**Data shown**
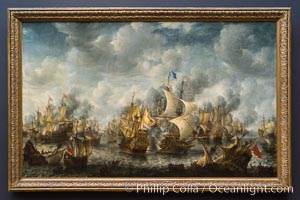 The Battle of Terheide, Jan Abrahamsz. Beerstraten, 1653 - 1666. Oil on canvas, h 176cm x w 281.5cm, Rijksmuseum, Amsterdam, Holland, Netherlands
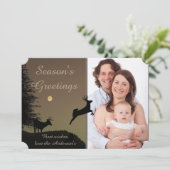 お洒落飛んでいるトナイのシルエットカスタム写真 カード (スタンド正面)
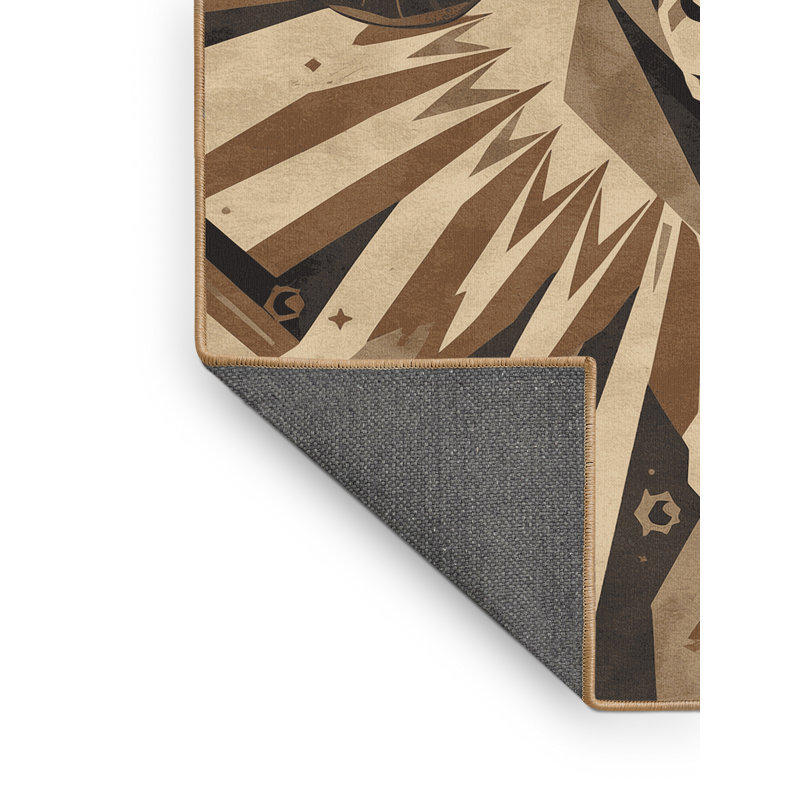 Tapis doux et moelleux Kline Bold & Eclectic Modern Starburst en brun - reliure brun clair, 7x10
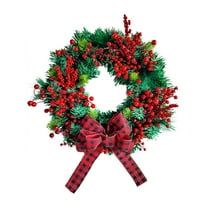 Evergreen Pine Wreath Artificial Greenery Christmas Garland Real Touch Natural Cedar Garland with Red Bow Front Door Wall Window Decoration Christmas Decor 15.7 inch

**Task statement**
After locating the line that holds "お洒落飛んでいるトナイのシルエットカスタム写真 カード (スタンド正面)", output exactly the lines from it through the last line of the material above, inclusive, without pictures.

**Output**
 お洒落飛んでいるトナイのシルエットカスタム写真 カード (スタンド正面)
 Tapis doux et moelleux Kline Bold & Eclectic Modern Starburst en brun - reliure brun clair, 7x10
 Evergreen Pine Wreath Artificial Greenery Christmas Garland Real Touch Natural Cedar Garland with Red Bow Front Door Wall Window Decoration Christmas Decor 15.7 inch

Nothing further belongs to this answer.